L’isola vive il cambiamento culturale in atto, tra vecchio e nuovo, ed ha comunque già una sua propria e forte identità, incarnata in una giovane, una capraia, di nome Lucia (la brava Marianna Fontana, già ammirata in “Indivisibili“), presa tra i due fuochi: da un lato il desiderio di conoscere nuovi orizzonti, dall’altro la propria realtà familiare patriarcale e chiusa al cambiamento.

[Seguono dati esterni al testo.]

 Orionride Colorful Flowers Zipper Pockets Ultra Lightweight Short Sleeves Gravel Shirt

Quando incontra casualmente Seybu (Reinout Scholten van Aschat), il leader della comune, Lucia comincia a mettere in dubbio tutte le proprie convinzioni e, spinta dapprima dalla curiosità, poi da una crescente sete di libertà e ricerca di se stessa, decide di unirsi al gruppo, finendo così per scontrarsi con la sua stessa famiglia, senza però mai trasformare il tutto in odio (come troppo spesso è invece accaduto e accade nella Storia), bensì in amore per la vita, in slancio decisionale, cioé proprio l’inizio di ogni vera rivoluzione.
Storicamente, all’inizio del Novecento Capri ha magicamente attratto, come un magnete, chiunque sentisse la spinta dell’utopia e coltivasse ideali di libertà, tra questi, per esempio, anche i russi che, esuli nell’isola, si preparavano alla rivoluzione.

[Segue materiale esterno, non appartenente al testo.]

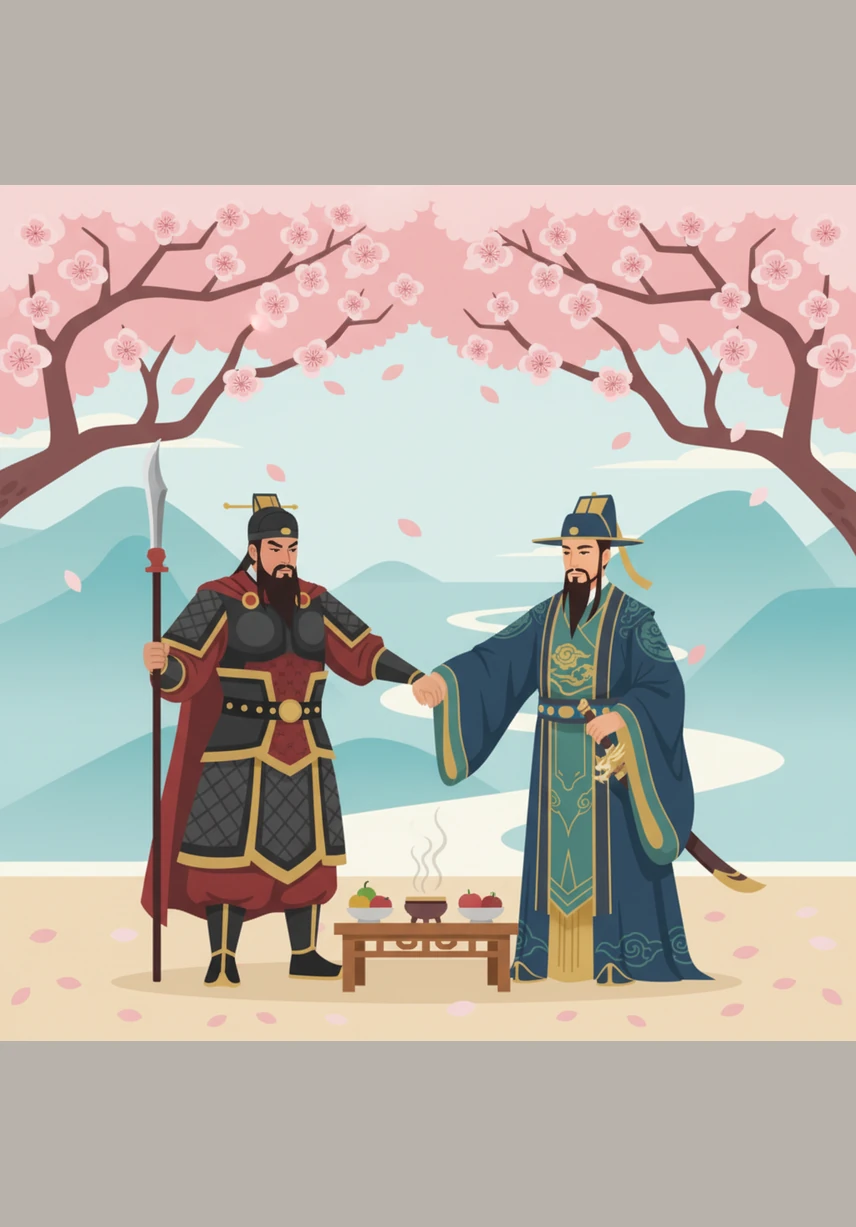 他们齐声发誓：虽然异姓，既结为兄弟，则同心协力，救困扶危；上报国家，下安黎庶。不求同年同月同日生，但求同年同月同日死。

Una sceneggiatura profonda nei contenuti, ma anche semplice nel linguaggio (pur se suscita qualche perplessità la troppa velocità con cui la giovane capraia impara a leggere e l’inglese!): Seybu e il giovane dottore dell’isola (Antonio Folletto) rappresentano il conflitto, universale, tra pragmatismo e arte. Nessuno dei due prevale sull’altro, ma entrambi escono arricchiti dal confronto, lasciando così un messaggio: continuare sempre a farsi delle domande, non dare mai nulla per certo e scontato, anche di sé, saper mettere in discussione anche le proprie certezze perché questo è il senso della vita.
La fotografia di Michele D’Attanasio esalta Capri in tutta la sua bellezza selvaggia e i corpi nudi durante le danza , seppur esposti integralmente, non risultano mai volgari o frutto di voyeurismo. Finalmente! Ancora una volta i protagonisti di Martone sono giovani, come a voler raccontare – indirettamente – un’Italia giovanile d’oggi che sente la spinta ad interrogarsi, a cambiare il rapporto tra individualità e collettività.
Film riuscito? Capri-Revolution è un lavoro diseguale e allo stesso tempo affascinante e misterioso, che ha il merito di essere umanista e utopico allo stesso tempo: Lucia – nome che ricorda Manzoni – è la nuova rivoluzionaria (da qui il titolo) perché ama ciò in cui si imbatte, il “nuovo” rappresentato dalla comunità di intellettuali dediti all’arte, alla ricerca filosofica e al rifiuto di regole imposte, e lotta contro il “vecchio”, incarnato dai rapporti familiari.
Un’ultima riflessione. Ogni rivoluzione porta con sé una propria valenza politica: si può allora anche pensare che “Capri-Revolution” è, per certi versi, magari inaspettatamente, anche un film politico: sulla tolleranza, l’integrazione, il progresso, e che ripropone l’eterna dialettica tra tradizione e rinnovamento.